Con una sentenza dello scorso 30 gennaio il Tribunale di Roma si è pronunciato sulla controversia tra alcuni condomini e l’amministrazione condominiale circa la ripartizione delle spese sui consumi di acqua. I condomini, in particolare, avevano agito in giudizio nei confronti del condominio per ottenere l’annullamento della delibera assembleare in base alla quale veniva stabilita la suddivisione della spesa in parti uguali nonostante in ciascun appartamento fosse stato installato un apposito contatore, che consentiva di rilevare i consumi effettivi di ciascun appartamento.
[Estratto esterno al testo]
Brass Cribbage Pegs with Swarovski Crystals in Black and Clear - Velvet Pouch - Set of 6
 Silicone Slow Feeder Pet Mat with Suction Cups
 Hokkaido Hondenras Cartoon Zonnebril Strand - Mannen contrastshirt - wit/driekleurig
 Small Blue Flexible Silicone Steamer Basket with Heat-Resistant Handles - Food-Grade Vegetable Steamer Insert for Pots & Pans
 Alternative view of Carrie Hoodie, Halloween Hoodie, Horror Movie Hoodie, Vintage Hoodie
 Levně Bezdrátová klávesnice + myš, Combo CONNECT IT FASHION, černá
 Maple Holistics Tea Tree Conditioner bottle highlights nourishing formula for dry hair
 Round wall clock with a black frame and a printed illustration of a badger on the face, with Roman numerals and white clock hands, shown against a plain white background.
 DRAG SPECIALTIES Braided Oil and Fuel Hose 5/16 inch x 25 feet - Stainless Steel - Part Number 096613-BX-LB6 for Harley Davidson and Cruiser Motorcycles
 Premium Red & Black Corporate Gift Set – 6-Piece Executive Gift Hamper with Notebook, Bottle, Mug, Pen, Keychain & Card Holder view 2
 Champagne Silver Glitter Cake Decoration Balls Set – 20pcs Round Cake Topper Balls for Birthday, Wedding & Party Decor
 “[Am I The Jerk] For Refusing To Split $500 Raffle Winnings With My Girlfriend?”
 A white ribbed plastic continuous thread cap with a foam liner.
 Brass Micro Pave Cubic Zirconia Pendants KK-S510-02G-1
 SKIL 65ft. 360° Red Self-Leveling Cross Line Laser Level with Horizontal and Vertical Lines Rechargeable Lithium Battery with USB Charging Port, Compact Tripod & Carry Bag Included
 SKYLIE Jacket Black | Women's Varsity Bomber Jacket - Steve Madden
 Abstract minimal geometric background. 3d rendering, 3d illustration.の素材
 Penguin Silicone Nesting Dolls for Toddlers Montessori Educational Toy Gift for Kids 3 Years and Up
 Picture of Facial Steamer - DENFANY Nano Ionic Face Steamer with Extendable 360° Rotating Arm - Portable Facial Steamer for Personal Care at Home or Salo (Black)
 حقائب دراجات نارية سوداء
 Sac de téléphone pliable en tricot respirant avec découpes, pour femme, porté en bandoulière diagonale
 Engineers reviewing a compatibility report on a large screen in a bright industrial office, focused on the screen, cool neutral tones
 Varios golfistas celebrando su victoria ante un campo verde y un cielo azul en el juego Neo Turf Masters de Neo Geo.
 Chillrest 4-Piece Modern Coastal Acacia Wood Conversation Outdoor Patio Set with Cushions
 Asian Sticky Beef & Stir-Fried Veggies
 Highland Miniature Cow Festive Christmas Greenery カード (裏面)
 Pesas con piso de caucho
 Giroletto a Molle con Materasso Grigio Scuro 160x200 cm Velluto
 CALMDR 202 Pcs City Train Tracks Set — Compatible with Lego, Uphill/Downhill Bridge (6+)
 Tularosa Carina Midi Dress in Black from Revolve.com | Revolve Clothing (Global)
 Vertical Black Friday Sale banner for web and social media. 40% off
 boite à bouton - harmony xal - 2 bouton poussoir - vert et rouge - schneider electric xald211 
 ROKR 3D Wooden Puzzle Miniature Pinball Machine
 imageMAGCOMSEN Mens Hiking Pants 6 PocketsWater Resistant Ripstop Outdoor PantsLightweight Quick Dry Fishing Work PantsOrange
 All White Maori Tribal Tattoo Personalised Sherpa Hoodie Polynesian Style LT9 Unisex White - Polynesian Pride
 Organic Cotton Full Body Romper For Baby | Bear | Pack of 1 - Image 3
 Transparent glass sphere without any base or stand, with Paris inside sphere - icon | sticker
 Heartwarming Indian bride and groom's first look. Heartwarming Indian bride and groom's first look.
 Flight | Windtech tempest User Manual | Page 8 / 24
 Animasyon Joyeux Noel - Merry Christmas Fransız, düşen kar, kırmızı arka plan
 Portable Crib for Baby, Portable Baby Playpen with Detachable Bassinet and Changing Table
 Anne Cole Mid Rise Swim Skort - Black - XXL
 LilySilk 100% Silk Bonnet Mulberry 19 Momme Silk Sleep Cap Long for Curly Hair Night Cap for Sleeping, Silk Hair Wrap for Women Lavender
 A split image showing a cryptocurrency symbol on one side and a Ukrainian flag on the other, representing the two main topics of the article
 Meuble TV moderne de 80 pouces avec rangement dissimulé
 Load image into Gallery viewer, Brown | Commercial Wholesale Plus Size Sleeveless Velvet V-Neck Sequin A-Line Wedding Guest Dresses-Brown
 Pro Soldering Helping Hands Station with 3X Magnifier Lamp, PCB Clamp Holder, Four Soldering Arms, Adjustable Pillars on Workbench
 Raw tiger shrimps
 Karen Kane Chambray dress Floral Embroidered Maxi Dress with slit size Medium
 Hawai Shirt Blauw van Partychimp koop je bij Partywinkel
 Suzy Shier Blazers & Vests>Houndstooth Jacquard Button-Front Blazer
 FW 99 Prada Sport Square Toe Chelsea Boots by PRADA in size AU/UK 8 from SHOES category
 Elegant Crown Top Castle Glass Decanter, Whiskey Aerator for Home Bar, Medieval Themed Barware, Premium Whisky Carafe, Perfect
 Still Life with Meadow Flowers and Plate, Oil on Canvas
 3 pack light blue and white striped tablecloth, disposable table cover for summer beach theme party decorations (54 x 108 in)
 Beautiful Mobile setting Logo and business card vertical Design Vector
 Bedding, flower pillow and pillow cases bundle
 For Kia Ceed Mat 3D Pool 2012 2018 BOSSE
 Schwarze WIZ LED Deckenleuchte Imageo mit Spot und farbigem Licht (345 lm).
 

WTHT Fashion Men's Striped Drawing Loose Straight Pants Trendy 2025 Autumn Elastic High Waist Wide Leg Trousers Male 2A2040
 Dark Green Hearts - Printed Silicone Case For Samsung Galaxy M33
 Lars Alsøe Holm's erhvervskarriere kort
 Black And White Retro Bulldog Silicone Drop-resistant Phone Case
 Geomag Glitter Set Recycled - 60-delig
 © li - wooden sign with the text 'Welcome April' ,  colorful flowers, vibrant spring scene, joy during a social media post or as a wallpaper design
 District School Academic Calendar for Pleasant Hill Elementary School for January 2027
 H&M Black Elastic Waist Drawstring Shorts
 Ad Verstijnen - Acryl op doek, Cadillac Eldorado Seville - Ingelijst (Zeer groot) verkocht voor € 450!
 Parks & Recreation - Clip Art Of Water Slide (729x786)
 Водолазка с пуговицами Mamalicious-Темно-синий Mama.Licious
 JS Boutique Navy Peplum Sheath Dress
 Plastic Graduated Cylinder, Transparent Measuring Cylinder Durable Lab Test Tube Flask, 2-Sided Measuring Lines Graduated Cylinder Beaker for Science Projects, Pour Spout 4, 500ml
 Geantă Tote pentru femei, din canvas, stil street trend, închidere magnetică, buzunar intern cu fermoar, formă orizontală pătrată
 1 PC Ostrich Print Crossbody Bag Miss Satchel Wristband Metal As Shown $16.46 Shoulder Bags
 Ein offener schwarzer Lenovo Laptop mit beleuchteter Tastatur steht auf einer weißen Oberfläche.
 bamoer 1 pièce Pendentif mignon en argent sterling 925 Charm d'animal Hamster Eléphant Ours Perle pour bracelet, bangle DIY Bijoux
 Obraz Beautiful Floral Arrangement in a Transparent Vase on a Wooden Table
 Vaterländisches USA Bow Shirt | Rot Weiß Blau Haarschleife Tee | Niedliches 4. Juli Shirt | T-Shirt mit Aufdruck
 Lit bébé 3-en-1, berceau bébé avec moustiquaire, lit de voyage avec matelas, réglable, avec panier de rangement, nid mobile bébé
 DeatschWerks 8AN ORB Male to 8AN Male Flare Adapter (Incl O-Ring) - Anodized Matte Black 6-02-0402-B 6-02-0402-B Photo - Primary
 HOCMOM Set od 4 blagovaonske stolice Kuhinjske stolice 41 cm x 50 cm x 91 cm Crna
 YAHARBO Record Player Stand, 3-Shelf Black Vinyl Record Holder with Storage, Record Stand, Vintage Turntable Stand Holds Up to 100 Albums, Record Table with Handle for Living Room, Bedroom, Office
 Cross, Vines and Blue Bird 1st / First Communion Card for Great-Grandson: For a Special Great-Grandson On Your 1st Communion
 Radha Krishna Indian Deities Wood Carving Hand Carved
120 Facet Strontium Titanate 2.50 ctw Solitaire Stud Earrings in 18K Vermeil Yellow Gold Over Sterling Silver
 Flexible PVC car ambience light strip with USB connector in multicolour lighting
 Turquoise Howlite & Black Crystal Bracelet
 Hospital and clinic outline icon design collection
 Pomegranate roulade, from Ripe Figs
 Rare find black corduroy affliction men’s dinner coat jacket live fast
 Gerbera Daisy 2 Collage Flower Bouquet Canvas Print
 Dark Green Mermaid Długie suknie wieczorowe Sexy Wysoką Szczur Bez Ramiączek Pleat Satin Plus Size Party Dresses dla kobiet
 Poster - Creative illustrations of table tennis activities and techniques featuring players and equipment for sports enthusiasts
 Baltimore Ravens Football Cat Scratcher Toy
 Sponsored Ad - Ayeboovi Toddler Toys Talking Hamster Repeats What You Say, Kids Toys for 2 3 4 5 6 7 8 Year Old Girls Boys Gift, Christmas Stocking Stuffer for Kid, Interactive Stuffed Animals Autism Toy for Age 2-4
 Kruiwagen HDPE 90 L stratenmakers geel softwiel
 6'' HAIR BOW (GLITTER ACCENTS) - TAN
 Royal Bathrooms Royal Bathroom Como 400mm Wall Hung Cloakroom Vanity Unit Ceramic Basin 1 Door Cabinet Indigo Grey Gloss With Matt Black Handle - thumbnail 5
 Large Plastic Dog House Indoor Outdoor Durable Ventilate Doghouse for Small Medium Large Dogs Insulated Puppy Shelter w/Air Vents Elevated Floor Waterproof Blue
Il Giudice ha ritenuto effettivamente fondata la doglianza dei condomini, dichiarando la nullità del provvedimento da questi impugnato. Il Tribunale ha fatto riferimento, in particolare, a una sentenza della Corte di Cassazione, la n. 17557/2014, in cui gli Ermellini hanno precisato che, all’interno del condominio, le spese relative ai consumi di acqua “devono essere ripartite in base all’effettivo consumo se questo è rilevabile oggettivamente con strumentazioni tecniche”. I consumi relativi alle parti comuni dell’edificio, invece, devono essere ripartiti in base ai millesimi di proprietà di ciascun condomino.
Il criterio stabilito dal Palazzaccio, peraltro, è conforme a quanto stabilito dall’articolo 1123 del  codice civile, in virtù del quale le spese relative a cose destinate a servire i vari condomini in misura diversa, devono essere ripartite in proporzione all’uso che ciascuno può farne. L’accertata decisione dell’Assemblea di ripartire il consumo di acqua in parti uguali, pertanto, secondo il Giudice di primo grado è da ritenersi illegittima in quanto contrastante sia con la normativa vigente che con la giurisprudenza di legittimità.